While the fact of the occupation of Atlanta by the Union forces had been understood as early as the 2d, no official notice of the success was taken until the 4th, Sunday, when one hundred shotted guns were fired from extreme right to the furthest left, the celebration lasting about an hour, the enemy thinking it so queer a way of observing the Lord's day that they, too, opened their batteries and added to the din, arising from their own misfortune. "Westward Ho!" is evidently still the watchword of our commander, for every effort is made to strengthen the extreme left, and both sides watch out with the utmost alertness.

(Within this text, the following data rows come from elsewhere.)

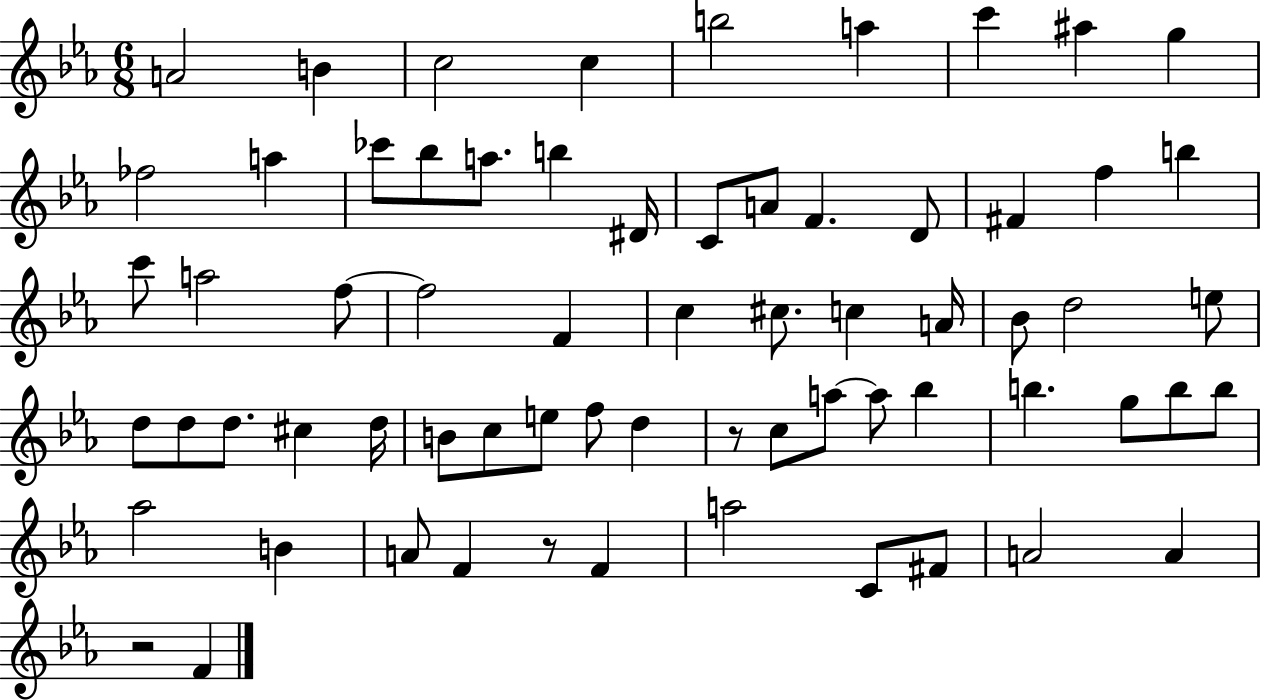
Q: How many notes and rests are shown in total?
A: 67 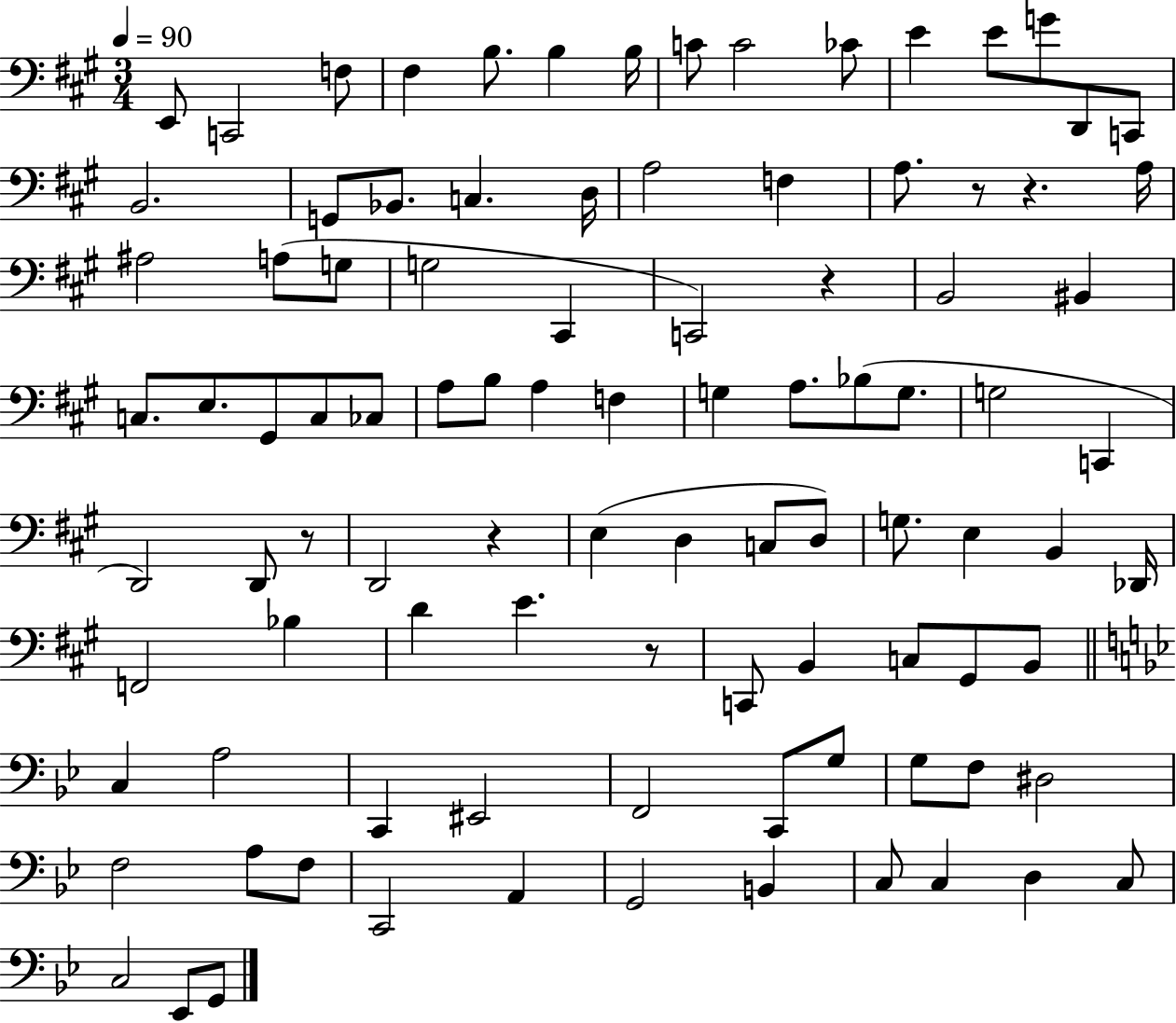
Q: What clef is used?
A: bass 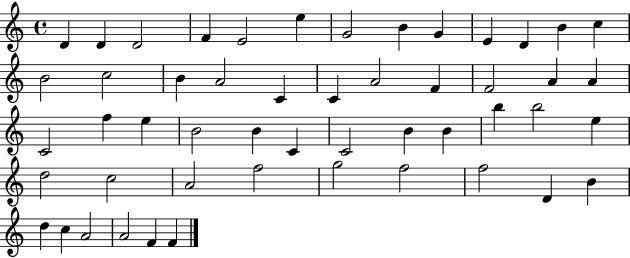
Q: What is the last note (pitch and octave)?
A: F4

For the sake of rearranging a portion of our line of works it became necessary to gain possession of the rebel rifle pits at "The Chimneys," on the Jerusalem Plank Road, and General Mott, with a backing from the Second Corps, was directed to accomplish the task, this on the night of the 9th of September. The duty was done at the point of the bayonet and the works were immediately reversed, the same becoming of great advantage to the new possessors, General Walker of the Second Corps pronouncing the operation one of the most creditable in the entire siege. Of course, the foe did not let go without protest, and subsequent nights were rendered lurid by his efforts to regain the lost ground, but to no avail.

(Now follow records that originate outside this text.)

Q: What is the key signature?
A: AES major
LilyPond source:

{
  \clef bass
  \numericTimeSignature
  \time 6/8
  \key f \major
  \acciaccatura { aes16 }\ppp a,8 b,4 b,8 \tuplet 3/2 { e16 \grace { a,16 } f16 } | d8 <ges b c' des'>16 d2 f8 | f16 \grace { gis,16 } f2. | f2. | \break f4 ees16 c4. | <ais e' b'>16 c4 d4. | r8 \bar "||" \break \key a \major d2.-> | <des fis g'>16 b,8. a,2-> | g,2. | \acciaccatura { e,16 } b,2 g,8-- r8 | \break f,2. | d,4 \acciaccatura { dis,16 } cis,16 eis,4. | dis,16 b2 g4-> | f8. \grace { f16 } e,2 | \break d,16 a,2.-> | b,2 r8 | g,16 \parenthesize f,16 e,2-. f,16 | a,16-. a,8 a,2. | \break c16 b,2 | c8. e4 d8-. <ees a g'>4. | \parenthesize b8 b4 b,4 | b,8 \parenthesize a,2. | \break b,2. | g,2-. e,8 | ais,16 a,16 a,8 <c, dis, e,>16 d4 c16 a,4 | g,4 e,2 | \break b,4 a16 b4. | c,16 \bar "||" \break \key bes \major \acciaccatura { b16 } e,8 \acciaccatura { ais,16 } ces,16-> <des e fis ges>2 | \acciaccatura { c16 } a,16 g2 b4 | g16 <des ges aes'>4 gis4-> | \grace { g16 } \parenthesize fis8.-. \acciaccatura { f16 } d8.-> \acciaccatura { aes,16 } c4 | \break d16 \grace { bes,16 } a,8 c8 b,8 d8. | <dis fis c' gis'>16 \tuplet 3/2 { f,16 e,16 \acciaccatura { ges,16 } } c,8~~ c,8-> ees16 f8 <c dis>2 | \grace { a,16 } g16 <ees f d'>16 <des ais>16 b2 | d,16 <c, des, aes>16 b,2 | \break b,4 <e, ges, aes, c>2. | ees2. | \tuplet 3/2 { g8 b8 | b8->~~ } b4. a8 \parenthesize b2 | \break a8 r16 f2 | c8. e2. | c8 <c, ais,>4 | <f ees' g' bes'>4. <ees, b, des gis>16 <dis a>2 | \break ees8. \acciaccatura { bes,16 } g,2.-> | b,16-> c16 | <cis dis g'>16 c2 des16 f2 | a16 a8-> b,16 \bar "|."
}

The thoroughness with which the campaign is advancing appears on Sunday, the 11th, when an engine is run over the newly laid railroad from City Point to the Weldon road at Yellow House. The Confederates are running trains to Stony Creek, twelve miles south of Reams; and the remainder of the distance, around the Union left into Petersburg, is effected by wagon, pretty slow and vexatious work! The firing along the picket line, annoying and useless, had become very obnoxious to General Birney of the Tenth Corps at the Union right, and to give the enemy something to think about opened a heavy fire on the works in his front and on Petersburg itself. The enemy also played during the afternoon on certain signal towers along the front of the Eighteenth Corps. A very tranquil evening followed this ebulition. Perhaps no event of the week gave the Confederates so much pleasure as their success in surprising a couple of cavalry regiments in charge of a large number of beef cattle, some 2500 in number, near Coggin's Point on the James River and running the vast herd into their lines and taking with them the careless guards. While the rebels were thus supplying their commissariat, others of their number made an attack on the entire skirmish line of the Fifth Corps and capture nearly a hundred of the men. On the 16th, the Second Brigade was assigned to forts on the left of the line, the Thirty-ninth being ordered to Fort Duchesne. Sept. 16, '64 Camp was pitched just outside the fort, along with the One Hundred and Fourth New York the Eleventh, Forty-eighth and Ninety-eighth Pennsylvania, all under the command of Colonel Richard Coulter of the last named regiment. The 19th was enlivened by telegraphic news of Sheridan's victory near Winchester where Early was sent "Whirling up the Valley," followed by salvos of artillery in honor thereof. On the 28th, the paymaster left six months' pay.

Ten days later, Thursday, the 29th, was a counterpart to a deal of activity on the Union right, when business was actually suspended in Richmond through fear that an assault was imminent; a column consisting of Gregg's cavalry, supported by two infantry brigades, set out towards the Poplar Springs Church road, beyond the Vaughan turnpike, advancing about two miles. On their return, they were attacked by Hampton's cavalry, the force that had stolen the cattle-herd, and a brisk encounter followed. Friday, the 30th, extending into Saturday, took place the battle of Peebles' farm between certain portions of the Fifth and Ninth Corps and the Confederates, General Grant having in mind a movement towards the Southside Railroad, expecting thus to still further cripple the cities of Petersburg and Richmond, the result being a considerable advance westward of the Union left. While all of this commotion was taking place, the Thirty-ninth Regiment moved into the fort, remaining there until the 16th of October, when it came out and took a position on the Weldon Railroad half a mile in front of Fort Duchesne, and a mile from the Globe Tavern or Yellow House.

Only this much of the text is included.